Мартин понял, что проиграл. И ещё понял, что опоздал. Плавучая бомба, вместе с которой он проделал долгий путь от Филиппин, бомба, нёсшая смерть неизвестным людям, вышла из-под контроля.
Он полагал, что «Графиня Ричмондская», превратившаяся в свой предсмертный час в «Звезду Явы», вторгнется в какой-нибудь порт и только тогда сумасшедший Ибрагим подорвёт то, что хранилось под палубой.
Он полагал, что она врежется во что-то и только после этого взлетит на воздух. Тридцать дней он дожидался удобного момента, чтобы убить своих семерых спутников и захватить корабль. Судьба не предоставила ему такого шанса.
И только теперь, слишком поздно, до него дошло, что «Звезда Явы» не несла в себе никакой бомбы, что она сама была бомбой. Ей даже не нужно было приближаться к цели — цель сама шла к ней, навстречу гибели. И расстояние между ними сокращалось с каждой минутой.
Находясь на мостике, Мартин слышал переговоры мальчишки-пакистанца с вахтенным офицером «Куин Мэри II». Теперь ему всё стало ясно. Танкер намеренно лёг в дрейф, потому что крейсеры сопровождения никогда бы не позволили ем› сблизиться с лайнером.
Рука Ибрагима уже тянулась к кнопке. Мартин заметил проводок, ведущий к подвешенной за окном мостика ракетнице. Достаточно одной вспышки, одной-единственной искры…
Светлое пятно на горизонте стало ярче и больше. Скоро оно распадётся на сотни огоньков, станет городом света и веселья. Пятнадцать миль, тридцать минут хода. Времени вполне достаточно, чтобы газ, смешавшись с воздухом, превратился в убийственную смесь.
Мартин бросил взгляд на радио. Последний шанс послать предупреждение. Рука скользнула под одежду, где в петле у бедра висел нож.
Иорданец заметил и взгляд, и движение. Он бы никогда не выжил в Афганистане и амманской тюрьме, не уцелел бы в Ираке, где за ним охотились американцы, если бы не развил в себе чутьё дикого зверя.

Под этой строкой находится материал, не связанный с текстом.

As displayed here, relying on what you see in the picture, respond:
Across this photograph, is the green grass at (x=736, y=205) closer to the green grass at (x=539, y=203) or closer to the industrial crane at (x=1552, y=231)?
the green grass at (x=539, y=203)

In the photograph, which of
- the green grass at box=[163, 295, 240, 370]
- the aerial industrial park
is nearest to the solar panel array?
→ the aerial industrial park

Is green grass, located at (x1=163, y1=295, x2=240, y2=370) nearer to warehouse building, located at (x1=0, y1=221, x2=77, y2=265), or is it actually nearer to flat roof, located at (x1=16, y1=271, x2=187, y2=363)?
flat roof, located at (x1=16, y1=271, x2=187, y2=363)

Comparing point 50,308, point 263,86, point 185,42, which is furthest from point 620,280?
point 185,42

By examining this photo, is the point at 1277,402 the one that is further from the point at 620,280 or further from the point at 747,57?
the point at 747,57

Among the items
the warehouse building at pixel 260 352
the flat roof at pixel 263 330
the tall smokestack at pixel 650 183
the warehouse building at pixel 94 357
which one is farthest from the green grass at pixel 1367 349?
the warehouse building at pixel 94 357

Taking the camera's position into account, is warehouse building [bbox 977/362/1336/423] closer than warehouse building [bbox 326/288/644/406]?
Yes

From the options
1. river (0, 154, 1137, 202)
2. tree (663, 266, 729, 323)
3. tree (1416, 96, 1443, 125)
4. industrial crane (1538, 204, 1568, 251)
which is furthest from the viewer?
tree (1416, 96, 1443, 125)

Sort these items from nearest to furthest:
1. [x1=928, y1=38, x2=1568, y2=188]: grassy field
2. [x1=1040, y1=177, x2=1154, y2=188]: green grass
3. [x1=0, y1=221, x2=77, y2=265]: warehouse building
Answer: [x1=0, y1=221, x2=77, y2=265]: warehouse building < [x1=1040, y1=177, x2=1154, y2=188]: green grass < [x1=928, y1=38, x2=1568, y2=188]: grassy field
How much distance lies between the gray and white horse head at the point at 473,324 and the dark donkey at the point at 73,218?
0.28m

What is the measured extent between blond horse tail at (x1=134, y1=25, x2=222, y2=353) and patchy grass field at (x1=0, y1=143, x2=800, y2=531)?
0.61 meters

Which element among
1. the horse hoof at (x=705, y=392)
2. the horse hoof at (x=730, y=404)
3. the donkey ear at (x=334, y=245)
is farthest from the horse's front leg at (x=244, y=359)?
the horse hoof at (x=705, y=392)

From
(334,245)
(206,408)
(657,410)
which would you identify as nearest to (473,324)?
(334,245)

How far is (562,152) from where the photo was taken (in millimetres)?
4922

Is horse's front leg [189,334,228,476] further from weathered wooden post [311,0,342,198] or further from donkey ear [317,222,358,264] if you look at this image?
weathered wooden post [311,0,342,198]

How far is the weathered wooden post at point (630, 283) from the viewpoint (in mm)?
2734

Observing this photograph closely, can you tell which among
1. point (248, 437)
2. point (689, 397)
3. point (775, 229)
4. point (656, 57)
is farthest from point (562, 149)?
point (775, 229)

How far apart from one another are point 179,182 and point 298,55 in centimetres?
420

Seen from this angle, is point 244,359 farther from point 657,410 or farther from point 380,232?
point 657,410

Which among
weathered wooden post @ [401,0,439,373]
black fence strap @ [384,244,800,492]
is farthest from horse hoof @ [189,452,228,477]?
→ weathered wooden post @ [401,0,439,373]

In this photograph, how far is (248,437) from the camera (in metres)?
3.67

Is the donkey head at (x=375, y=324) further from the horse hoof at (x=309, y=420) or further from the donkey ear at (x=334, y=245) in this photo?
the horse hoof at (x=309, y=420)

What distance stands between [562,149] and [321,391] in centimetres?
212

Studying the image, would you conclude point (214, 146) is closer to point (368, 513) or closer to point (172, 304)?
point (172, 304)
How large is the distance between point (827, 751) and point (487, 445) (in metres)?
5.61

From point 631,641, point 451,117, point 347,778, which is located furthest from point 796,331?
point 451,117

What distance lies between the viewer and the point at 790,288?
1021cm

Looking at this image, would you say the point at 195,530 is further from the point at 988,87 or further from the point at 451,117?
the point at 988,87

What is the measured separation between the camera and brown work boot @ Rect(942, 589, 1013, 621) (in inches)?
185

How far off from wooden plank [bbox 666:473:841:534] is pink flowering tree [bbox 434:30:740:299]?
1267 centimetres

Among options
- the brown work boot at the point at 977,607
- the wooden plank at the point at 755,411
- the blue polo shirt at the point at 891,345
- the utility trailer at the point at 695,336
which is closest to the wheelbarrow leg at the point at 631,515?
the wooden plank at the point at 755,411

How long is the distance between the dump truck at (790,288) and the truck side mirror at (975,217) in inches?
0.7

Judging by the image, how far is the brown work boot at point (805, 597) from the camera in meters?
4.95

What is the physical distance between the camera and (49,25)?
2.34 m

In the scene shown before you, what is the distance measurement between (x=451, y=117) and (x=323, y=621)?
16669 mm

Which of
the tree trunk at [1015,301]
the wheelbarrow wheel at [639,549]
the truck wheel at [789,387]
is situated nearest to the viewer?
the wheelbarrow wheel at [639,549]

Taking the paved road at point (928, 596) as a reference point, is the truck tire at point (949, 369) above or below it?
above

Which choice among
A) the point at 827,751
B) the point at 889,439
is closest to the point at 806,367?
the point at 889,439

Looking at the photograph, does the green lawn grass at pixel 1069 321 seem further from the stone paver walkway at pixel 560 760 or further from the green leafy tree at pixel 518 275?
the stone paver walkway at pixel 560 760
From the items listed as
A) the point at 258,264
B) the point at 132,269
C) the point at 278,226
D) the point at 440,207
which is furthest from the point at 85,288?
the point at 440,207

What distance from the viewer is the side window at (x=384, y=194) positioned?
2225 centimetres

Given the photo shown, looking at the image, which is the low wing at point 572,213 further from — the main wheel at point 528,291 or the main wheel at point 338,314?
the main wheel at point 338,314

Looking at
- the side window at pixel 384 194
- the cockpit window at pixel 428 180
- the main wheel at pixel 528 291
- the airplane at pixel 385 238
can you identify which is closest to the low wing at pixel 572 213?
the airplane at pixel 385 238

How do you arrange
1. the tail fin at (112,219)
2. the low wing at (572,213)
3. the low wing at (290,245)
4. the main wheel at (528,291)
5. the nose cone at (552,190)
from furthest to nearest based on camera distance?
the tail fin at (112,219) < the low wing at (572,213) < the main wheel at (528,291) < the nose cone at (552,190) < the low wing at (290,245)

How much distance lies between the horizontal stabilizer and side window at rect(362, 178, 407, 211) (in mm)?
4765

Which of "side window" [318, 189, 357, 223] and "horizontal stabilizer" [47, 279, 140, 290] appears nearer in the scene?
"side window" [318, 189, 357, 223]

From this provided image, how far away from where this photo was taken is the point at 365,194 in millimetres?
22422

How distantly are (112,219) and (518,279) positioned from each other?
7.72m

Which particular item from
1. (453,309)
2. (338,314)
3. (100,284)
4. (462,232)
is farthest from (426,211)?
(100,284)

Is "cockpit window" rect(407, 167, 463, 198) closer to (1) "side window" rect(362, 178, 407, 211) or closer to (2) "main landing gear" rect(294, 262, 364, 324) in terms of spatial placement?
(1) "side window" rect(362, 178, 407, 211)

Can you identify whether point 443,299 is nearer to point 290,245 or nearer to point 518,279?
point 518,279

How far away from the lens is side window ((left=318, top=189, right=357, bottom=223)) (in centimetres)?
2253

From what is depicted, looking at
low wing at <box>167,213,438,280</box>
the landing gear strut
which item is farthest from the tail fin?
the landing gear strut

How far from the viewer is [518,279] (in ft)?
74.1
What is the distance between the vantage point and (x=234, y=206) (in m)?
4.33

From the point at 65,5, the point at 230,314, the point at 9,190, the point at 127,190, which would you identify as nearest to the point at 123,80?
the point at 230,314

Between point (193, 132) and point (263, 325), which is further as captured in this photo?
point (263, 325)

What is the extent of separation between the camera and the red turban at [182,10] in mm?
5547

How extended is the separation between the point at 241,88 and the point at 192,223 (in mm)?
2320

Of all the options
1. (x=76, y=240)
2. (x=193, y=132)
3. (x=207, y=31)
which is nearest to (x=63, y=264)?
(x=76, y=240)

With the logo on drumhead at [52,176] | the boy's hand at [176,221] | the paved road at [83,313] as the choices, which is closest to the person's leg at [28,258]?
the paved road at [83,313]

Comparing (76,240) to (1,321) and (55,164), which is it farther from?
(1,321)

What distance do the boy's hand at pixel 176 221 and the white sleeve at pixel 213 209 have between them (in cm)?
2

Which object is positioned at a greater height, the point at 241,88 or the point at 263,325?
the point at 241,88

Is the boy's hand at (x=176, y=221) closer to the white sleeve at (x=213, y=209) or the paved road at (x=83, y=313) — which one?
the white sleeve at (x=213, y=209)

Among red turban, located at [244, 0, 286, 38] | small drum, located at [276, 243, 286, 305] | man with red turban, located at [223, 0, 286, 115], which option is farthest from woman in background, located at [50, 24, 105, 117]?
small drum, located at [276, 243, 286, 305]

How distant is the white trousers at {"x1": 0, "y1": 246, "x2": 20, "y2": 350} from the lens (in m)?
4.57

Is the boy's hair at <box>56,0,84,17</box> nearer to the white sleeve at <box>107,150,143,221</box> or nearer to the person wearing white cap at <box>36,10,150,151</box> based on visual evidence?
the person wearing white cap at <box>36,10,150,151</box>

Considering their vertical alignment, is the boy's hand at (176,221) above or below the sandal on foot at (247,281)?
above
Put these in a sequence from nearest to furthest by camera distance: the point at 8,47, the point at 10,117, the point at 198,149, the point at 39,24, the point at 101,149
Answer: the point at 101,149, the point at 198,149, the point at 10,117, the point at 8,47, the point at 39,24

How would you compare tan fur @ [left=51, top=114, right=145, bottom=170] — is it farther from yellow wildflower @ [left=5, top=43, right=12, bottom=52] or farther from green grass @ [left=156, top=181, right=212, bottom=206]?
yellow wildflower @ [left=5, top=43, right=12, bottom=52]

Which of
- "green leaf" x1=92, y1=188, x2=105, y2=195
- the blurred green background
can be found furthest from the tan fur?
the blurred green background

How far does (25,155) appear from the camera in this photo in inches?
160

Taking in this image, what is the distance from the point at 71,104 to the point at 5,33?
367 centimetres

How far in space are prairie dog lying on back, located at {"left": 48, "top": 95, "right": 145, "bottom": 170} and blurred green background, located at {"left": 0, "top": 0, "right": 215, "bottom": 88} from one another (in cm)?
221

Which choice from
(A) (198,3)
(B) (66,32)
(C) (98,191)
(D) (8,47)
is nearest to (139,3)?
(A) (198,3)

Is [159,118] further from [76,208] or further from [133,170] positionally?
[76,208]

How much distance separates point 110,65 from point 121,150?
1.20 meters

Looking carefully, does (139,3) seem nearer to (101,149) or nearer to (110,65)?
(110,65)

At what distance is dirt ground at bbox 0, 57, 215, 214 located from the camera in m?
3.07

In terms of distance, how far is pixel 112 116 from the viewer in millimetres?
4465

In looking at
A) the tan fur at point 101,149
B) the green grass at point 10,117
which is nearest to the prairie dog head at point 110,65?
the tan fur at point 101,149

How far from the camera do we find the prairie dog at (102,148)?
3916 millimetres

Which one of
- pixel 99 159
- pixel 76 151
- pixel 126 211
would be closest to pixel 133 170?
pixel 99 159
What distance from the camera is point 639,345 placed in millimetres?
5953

Что-то подсказало ему, что Афганец — враг. И копившаяся неделями ненависть прорезала гнетущую тишину рубки как безмолвный крик.
Мартин дотянулся до рукоятки ножа, но Ибрагим действовал быстрее — лежавший под развёрнутой картой пистолет оказался в его руке мгновением раньше. Дуло смотрело Мартину в грудь. Мужчин разделяло не больше двенадцати футов. Слишком много.